= TASK DIRECTIONS =
Please give back word for word the lines of the material below between the line containing "27일 국회 본회의에서" and the line containing "Quiet Retreat Near", inclusive.

◆ ◆ ◆

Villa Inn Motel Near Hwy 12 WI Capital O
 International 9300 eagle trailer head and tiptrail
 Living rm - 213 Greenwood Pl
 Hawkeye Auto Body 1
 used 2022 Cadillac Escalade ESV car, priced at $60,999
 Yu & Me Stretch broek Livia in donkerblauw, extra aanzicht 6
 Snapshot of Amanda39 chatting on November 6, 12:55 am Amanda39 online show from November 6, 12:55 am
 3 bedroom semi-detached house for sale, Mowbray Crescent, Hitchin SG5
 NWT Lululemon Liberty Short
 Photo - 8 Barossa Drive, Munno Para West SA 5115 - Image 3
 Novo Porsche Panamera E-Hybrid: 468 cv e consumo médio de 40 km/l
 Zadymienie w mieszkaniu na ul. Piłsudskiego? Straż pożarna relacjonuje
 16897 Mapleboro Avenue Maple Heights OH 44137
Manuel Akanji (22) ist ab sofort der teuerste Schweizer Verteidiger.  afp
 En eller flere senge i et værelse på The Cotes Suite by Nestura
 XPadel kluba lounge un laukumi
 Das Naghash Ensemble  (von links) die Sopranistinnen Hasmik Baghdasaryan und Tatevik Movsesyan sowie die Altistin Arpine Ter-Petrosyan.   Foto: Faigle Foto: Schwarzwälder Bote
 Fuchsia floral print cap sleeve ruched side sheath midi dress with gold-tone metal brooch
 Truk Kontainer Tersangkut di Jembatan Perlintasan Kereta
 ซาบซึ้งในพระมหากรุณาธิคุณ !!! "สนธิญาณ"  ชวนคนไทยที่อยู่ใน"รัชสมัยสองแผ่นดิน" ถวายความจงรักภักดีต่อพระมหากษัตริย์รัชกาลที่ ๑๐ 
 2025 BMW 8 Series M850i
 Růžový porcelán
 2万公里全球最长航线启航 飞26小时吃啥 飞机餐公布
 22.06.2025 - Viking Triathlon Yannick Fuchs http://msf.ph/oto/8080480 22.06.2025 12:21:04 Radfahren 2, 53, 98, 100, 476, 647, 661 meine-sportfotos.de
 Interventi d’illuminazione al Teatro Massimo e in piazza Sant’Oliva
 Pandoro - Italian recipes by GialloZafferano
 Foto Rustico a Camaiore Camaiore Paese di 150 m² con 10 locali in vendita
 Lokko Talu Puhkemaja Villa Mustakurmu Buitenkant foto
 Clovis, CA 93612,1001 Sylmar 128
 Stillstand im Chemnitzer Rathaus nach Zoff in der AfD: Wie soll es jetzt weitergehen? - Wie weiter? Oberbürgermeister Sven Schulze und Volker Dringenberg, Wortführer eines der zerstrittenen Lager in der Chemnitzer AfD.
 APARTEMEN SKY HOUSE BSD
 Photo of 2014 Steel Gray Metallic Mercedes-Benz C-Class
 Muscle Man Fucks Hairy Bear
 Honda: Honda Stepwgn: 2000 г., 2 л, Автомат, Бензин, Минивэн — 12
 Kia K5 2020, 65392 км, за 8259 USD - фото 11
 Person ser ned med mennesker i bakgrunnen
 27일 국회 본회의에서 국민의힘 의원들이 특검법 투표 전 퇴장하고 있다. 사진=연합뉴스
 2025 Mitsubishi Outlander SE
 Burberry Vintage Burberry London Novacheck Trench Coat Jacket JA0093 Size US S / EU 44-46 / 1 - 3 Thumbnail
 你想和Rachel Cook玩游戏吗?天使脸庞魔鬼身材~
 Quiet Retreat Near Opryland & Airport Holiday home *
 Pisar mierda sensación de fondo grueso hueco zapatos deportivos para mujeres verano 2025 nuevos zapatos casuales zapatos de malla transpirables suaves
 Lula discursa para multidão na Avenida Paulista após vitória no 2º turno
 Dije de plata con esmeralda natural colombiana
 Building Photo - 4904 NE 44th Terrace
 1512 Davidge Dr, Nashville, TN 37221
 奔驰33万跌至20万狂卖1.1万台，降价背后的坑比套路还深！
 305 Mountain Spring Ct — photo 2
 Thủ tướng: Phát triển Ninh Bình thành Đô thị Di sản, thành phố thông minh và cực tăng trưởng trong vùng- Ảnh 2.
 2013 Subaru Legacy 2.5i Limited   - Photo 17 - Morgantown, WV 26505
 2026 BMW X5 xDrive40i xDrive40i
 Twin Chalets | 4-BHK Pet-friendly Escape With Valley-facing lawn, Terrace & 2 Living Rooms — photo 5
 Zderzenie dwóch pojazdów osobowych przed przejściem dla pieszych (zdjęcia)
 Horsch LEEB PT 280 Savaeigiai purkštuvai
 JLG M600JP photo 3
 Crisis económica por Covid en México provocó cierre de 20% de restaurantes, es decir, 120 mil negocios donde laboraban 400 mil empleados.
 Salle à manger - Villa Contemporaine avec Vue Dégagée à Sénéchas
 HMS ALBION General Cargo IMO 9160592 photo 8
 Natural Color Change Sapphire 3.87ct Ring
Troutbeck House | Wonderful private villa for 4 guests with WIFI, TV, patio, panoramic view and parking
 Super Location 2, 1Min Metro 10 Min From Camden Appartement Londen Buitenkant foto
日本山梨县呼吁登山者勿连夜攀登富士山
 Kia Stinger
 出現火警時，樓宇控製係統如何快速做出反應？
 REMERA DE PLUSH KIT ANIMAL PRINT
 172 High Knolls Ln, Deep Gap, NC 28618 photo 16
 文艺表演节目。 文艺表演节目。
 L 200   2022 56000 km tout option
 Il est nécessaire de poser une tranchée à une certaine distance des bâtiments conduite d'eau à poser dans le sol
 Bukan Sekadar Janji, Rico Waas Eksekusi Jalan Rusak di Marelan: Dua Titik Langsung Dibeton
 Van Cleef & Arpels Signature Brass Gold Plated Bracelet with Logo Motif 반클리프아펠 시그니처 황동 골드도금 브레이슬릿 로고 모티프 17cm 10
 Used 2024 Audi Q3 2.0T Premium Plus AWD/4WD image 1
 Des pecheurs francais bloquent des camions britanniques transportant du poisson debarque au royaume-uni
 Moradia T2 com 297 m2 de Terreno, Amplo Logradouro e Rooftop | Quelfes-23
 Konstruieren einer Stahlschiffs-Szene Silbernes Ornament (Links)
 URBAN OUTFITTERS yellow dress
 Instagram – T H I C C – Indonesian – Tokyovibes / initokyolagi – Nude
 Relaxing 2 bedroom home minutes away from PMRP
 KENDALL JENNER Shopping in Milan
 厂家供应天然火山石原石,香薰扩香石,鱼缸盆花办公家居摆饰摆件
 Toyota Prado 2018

◆ ◆ ◆

= ANSWER TO THIS PROBLEM =
 27일 국회 본회의에서 국민의힘 의원들이 특검법 투표 전 퇴장하고 있다. 사진=연합뉴스
 2025 Mitsubishi Outlander SE
 Burberry Vintage Burberry London Novacheck Trench Coat Jacket JA0093 Size US S / EU 44-46 / 1 - 3 Thumbnail
 你想和Rachel Cook玩游戏吗?天使脸庞魔鬼身材~
 Quiet Retreat Near Opryland & Airport Holiday home *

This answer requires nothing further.